第10講 My Tweet
印刷を御希望の方はページ一番下の「印刷用ページ」より印刷してください。
PDFファイルとして保存したい場合も「印刷用ページ」より保存できます。
見出しに「★」マークがついた箇所は説明動画がございます。

第10講のポイント

第10講のポイント

  • 外部サービスとの連携とTwitterフレームワークの利用
  • JSONやTwitter APIの概念理解

はじめに

前回の「万歩計」では、スマートフォンの特徴とも言える加速度センサーや位置情報センサーを活用し、歩行検知や地図の表示、現在地の取得等を扱いました。
第10講の課題アプリは「My Tweet」となります。「My Tweet」は、オリジナルの簡易Twitterクライアントアプリと考えて下さい。Twitterのアカウントと連携し、アプリからTweetを投稿できるほか、自分のフォローしているユーザーのTweetがタイムライン形式で表示されるようになっています。

今回は、iOSアプリとウェブサービスの関係を捉え、それらがどのように連携しあっているかを考えていきます。



それでは、早速開発を始めて行きましょう! 

プロジェクトの立ち上げと設定

新しいアプリを作る際は、まず、新規プロジェクトを立ち上げとアプリの設定を行います。

新規プロジェクトの立ち上げ

新規プロジェクトを立ち上げます。その際、使用するテンプレートは「Single View Application」となります。



Product Name MyTweet
Company Identifier com.rainbowapps
Device Family iPhone
Use Storyboard チェックを入れる
Use Automatic Reference Counting チェックを入れる
Include Unit Tests チェックを入れる

アプリの設定

新規プロジェクトを立ち上げたら、アプリの設定を行います。ここで、アプリのアイコンやアプリの表示タイトル(Bundle Display Name)、サポートするデバイスの向き(Device Orientation)を以下のように、設定します。

外部素材のインポート

まず、今回使用する外部素材ファイルを一気にインポートしてしまいましょう。


今回使用する素材は以下の通りです。

icon.png アイコン画像


アイコン設定とサポートするデバイスの向きの設定

素材のインポートが完了したら、Project Editorを開き、アイコンをRetina Displayと書かれたエリアの上にドラッグします。
サポートするデバイスの向きとアプリの名前は以下の通り設定します。


Bundle display nameの設定

アプリの表示タイトルを決めている設定項目「Bundle Display Name」を変更します。
Project Editorの「info」タブをクリックして「Bundle Display Name」の項目を次のように変更していきます。
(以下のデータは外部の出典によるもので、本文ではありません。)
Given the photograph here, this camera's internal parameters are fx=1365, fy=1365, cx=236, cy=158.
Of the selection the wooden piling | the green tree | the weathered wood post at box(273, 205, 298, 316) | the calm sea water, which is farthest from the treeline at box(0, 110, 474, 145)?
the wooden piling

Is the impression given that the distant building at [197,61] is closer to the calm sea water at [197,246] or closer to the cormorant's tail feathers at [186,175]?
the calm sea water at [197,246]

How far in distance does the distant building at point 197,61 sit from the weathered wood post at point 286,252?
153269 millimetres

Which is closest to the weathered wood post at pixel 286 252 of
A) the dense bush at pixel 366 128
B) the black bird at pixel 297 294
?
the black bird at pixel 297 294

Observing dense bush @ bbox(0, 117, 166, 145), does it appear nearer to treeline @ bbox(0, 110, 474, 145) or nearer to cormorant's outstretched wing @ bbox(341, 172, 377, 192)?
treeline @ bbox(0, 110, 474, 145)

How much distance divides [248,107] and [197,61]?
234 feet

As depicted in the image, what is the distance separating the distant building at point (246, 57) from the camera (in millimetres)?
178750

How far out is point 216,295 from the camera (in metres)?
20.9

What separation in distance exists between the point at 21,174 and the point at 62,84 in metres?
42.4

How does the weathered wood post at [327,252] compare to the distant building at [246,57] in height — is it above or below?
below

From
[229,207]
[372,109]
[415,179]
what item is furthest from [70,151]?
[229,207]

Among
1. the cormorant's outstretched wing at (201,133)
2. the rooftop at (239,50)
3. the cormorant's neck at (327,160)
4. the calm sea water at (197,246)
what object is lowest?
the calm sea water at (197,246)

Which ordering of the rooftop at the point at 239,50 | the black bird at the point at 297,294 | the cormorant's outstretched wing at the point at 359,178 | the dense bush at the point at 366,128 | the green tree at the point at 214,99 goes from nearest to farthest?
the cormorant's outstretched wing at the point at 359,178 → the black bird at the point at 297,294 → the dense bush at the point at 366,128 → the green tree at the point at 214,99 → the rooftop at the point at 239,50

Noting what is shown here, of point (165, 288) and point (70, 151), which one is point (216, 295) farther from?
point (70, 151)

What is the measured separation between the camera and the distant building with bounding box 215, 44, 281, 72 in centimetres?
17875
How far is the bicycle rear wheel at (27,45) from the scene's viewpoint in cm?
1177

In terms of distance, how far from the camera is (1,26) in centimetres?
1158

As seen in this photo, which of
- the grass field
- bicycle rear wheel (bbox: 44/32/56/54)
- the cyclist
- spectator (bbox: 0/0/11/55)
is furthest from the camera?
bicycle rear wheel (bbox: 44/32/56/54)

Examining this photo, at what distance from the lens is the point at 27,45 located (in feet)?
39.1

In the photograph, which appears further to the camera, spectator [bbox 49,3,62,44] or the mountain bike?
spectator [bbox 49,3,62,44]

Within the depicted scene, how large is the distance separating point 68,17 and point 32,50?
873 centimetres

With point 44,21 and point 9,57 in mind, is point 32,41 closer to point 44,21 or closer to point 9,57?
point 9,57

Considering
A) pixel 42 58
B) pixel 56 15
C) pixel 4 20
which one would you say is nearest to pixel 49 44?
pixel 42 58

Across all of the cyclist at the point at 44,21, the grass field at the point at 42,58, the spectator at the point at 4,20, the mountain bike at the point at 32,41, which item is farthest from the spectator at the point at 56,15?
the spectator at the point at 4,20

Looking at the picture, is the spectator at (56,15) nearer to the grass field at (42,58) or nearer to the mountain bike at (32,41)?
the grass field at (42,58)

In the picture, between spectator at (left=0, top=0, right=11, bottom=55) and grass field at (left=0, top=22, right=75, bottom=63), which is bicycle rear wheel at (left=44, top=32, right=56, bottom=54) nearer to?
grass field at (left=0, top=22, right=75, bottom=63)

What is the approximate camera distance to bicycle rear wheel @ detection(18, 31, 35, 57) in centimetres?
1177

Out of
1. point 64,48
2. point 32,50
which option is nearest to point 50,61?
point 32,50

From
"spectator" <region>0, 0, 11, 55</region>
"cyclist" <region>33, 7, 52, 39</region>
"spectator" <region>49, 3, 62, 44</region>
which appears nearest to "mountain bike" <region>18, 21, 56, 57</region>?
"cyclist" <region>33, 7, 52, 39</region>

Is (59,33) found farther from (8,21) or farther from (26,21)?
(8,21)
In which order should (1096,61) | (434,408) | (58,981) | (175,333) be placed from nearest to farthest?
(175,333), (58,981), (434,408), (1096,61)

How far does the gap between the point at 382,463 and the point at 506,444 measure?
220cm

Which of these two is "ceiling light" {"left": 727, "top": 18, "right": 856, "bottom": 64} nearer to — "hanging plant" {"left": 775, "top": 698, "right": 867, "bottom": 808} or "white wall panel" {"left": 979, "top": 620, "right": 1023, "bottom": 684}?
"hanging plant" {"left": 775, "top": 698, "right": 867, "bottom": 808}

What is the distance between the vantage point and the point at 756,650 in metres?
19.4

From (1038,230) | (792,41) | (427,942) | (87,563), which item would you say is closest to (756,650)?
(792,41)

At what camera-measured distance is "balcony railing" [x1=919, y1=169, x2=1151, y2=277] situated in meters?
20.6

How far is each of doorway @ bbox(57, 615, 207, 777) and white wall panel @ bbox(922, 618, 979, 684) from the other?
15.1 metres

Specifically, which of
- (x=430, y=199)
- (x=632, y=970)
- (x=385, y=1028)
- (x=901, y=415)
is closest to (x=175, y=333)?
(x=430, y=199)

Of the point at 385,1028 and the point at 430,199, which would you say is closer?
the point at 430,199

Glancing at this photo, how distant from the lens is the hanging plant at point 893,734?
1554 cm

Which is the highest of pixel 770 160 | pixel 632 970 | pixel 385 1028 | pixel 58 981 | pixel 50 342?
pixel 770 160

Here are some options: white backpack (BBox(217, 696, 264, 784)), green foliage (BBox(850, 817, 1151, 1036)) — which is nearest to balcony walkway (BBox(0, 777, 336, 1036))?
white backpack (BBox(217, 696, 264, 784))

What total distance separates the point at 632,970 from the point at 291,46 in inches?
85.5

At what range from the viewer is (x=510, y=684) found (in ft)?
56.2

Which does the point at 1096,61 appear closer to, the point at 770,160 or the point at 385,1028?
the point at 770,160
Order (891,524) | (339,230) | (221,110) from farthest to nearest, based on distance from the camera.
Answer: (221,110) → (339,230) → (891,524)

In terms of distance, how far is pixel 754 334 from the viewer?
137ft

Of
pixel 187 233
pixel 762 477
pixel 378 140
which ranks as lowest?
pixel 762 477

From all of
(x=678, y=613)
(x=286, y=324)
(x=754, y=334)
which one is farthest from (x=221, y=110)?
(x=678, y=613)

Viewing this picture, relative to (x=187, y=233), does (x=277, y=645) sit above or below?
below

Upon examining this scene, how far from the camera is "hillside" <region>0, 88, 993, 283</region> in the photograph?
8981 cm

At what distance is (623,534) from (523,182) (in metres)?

 Bundle Display Name MyTweet





画面のデザイン

アプリの設定が完了したら、画面のデザインを行なっていきます。

Autolayoutの無効化

画面レイアウトを3.5インチ(iPhone4S以前)と4インチ(iPhone5以降)に対応させるための設定を行います。
まずはXcode4.5からデフォルトで有効になっているAutolayoutを無効にします。
※Autolayoutはまだ不安定ですので本講座はAutolayoutを無効にして画面デザインを行っていきます。
下記のように①View Controller全体を選択し、②「File Inspector」に変更して、③「Use Autolayout」のチェックを外してください。


Navigation Bar・Bar Button Itemの設置

まずは画面上部に、Navigation Barを設置します。ライブラリーエリアから、Navigation Barを選択し、画面の上部にドラッグします。



その次に、「Tweet」ボタンをNavigation Barの右手に設置します。また、「更新」ボタンをNavigation Barの左手に設置します。




次に、「Tweet投稿」ボタンの見た目を変更します。ボタンを選択した上で、インスペクターから、今回は通常のViewの上にTable Viewを設置していきます。ライブラリーエリアから「Identifier」を「Add」に変更します。これによって、ボタンの見た目が変更されることを確認してください。



同様に、「更新ボタン」ボタンの見た目を変更します。ボタンを選択した上で、インスペクターから、今回は通常のViewの上にTable Viewを設置していきます。ライブラリーエリアから「Identifier」を「Refresh」に変更します。これによって、ボタンの見た目が変更されることを確認してください。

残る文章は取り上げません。